Mam pytanie- czym wypełnić czaprak/pad i gdzie to kupić?
Aletheia, można flizeliną, w sklepach z materiałami znajdziesz, można pianką, gąbką jeśli masz dostęp do hurtowni lub sklepu z akcesoriami tapicerskimi/stolarskimi
przepraszam,że tak długo to trwało, ale zdobycie sznura okazało sie bardziej skomplikowane niż sądziłam. Tym niemniej udało się i pad już gotowy!
edzia 69, wow,ale cudeńko,mnie się bardzo podoba
ja jak narazie uszyłam tylko futerko pod siodło,ale teraz jestem na etapie "tworzenia"derki , na szczęście konio-model cierpliwy i dzielnie czekał aż skończę zaznaczać co i gdzie trzeba będzie przeszyć
ciekaw jak sie będzie pod siodłem sprawował, w każdym razie palce mam skłute okropnie!
edzia 69, ja wczoraj przyszywałam ręcznie literki imienia konia do polarku derkowego, też mi paluchy odpadały,więc wiem co czujesz,choć Ty miałaś bardziej bojowe zadanie...ale liczy się efekt końcowy,a u Ciebie jest świetny aż miło się patrzy
oj dzięki! pokaż swoje "literki"!
ja niestety nie jestem w tym kierunku zbyt uzdolniona chyba , więc jak dotrwam do końca będę baaardzo szczęsliwa
a to literki robione teraz z lampą więc niestety kolory nie do końca takie jak w rzeczywistości...
literki celowo są jakby fastrygowane granatową nicią, i są proste-tu jakoś dziwnie wyszły chyba przez lekko pofałdowany materiał
bardzo ładne imię dla konia, ładnie zrobiona aplikacja!
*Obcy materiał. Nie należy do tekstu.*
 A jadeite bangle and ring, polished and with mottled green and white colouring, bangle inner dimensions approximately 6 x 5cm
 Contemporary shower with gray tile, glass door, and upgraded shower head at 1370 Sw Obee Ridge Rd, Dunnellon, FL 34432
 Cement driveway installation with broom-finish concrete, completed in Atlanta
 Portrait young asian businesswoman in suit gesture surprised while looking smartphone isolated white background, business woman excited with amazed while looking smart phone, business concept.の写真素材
edzia 69, i nawet jakoś się trzyma , jak powstanie z tego całość w postaci derki,to zamieszczę fotki
chcę sie zabrac za derkę,
ale najpierw muszę naprawić maszynę. Ręcznie nie dam rady.
Hannah, efekt bardzo fajny
ja tam mam za sobą derke polarowa dla poniacza, tunel na popręg, futerko na nachrapnik, owijki na 4 nogi i pasiate na 2.
edzia 69, bardzo fajnie wyszło, dzieło znów niepowtarzalne bo własne, zawsze mi sie podobały pady typu kołderka, mięciutkie, delikatne
Hannah, też super prosto i funkcjonalnie
Obiś, całkiem dobry ten napis
Podobają mi się Wasze dzieła Dziewczyny Chyba mnie natchnęłyście na szycie..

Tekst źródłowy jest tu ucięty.